#### [Task statement]
From the data below, set down exactly the lines between the one holding "4PCS 5D Massage" and the one holding "Volunteer with children", inclusive, and no others.
═════ Supplied records ═════
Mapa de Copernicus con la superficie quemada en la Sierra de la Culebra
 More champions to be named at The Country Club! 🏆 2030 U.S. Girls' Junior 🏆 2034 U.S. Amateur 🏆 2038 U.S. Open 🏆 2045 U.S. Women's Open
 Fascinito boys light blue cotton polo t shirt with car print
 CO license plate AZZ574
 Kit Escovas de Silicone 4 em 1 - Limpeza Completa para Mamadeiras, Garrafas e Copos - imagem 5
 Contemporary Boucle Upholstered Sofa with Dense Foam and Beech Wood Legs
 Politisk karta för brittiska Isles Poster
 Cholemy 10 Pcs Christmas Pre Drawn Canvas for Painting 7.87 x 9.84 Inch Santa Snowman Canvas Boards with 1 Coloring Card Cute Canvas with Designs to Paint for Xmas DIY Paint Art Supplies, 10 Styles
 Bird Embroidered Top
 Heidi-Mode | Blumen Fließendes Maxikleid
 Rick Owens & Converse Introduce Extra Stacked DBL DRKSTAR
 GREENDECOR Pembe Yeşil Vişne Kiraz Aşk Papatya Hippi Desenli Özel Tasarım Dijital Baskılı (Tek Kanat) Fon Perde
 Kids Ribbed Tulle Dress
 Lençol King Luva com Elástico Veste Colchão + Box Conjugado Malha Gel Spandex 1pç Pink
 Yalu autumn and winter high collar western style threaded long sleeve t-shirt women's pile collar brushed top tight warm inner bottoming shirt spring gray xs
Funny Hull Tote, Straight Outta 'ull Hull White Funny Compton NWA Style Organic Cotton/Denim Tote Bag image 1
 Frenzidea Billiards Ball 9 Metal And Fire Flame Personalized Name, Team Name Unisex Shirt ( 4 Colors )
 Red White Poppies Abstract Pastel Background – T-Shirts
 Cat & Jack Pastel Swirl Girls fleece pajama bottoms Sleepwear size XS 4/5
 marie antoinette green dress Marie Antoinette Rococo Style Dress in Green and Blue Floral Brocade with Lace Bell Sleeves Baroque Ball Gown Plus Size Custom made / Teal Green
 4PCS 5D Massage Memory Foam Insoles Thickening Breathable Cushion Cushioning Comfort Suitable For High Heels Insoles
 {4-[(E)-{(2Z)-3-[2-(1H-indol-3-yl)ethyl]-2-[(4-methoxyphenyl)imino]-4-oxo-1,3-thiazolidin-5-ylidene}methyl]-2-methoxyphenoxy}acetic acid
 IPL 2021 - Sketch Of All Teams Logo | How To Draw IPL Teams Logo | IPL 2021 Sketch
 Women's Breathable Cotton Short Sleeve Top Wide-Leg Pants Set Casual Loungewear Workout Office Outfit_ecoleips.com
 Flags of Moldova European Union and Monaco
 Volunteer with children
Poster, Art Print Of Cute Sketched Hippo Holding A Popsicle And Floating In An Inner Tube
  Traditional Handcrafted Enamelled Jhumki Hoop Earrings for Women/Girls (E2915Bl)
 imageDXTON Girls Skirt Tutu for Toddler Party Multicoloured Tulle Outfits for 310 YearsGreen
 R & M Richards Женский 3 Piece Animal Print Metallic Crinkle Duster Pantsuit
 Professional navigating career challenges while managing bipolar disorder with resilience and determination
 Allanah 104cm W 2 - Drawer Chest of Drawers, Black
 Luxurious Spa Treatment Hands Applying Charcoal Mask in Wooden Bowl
═════
#### [Response area]
 4PCS 5D Massage Memory Foam Insoles Thickening Breathable Cushion Cushioning Comfort Suitable For High Heels Insoles
 {4-[(E)-{(2Z)-3-[2-(1H-indol-3-yl)ethyl]-2-[(4-methoxyphenyl)imino]-4-oxo-1,3-thiazolidin-5-ylidene}methyl]-2-methoxyphenoxy}acetic acid
 IPL 2021 - Sketch Of All Teams Logo | How To Draw IPL Teams Logo | IPL 2021 Sketch
 Women's Breathable Cotton Short Sleeve Top Wide-Leg Pants Set Casual Loungewear Workout Office Outfit_ecoleips.com
 Flags of Moldova European Union and Monaco
 Volunteer with children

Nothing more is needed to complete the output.